Previous generations often finished the day physically tired from work and routine activity. Today fatigue is more likely to come from constant concentration, information processing and decision making.
We switch between tasks, respond to messages and carry work thoughts long into the evening. That kind of fatigue can leave people drained while still struggling to fall asleep.
This also makes me think about the lingering taboo around daytime rest. Even on days when I technically have the time, the idea of a nap can feel uncomfortable, as though it signals laziness rather than recovery.
Yet sleep research suggests the opposite. Short naps of 10–20 minutes can improve alertness, learning and decision-making. In many cultures midday rest is normal. In the UK, we tend to push through with another coffee.
Bedtime as a boundary
Getting into bed can offer relief, but isn't always restorative.
Sleep researchers highlight the importance of mental boundaries. Our brains build strong associations between places and behaviours.

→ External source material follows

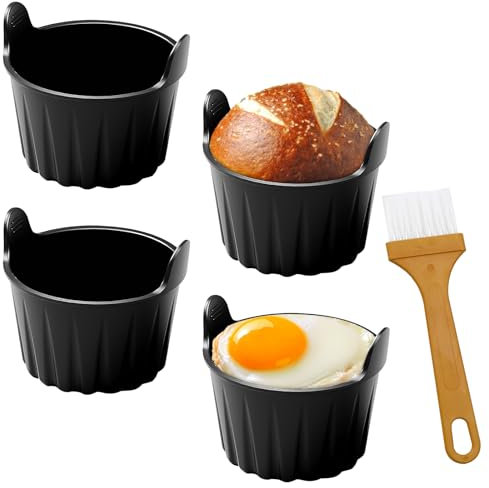 4 stampi in silicone per friggitrice ad aria calda, antiaderenti, stampo per uova, inserto in silicone riutilizzabile, accessorio per friggitrice ad aria, cottura e budino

Ideally, bed becomes a cue for sleep.
If we regularly answer emails, scroll on our phones or plan the next day from bed, the brain starts to associate it with being awake.
Ironically, spending longer in bed can make sleep harder.
I’ve noticed this myself. When my mind is busy, bed can start to feel like another planning desk rather than a place to rest. Finishing the day before bed can make a real difference.
A factor worth noticing
Across our work at PeoplePlus we support people entering or returning to employment in many different circumstances: young people adjusting to routines, parents and carers balancing responsibilities, and individuals rebuilding stability after illness or difficult life events.
Sleep is often one of the first things disrupted during periods of change or pressure.
None of this means we need to become sleep experts.
But sleep deserves a place on the list of factors we keep in mind when thinking about wellbeing, performance and how we help each other set healthy work life boundaries.
Because sometimes the difference between thriving at work and struggling begins the night before.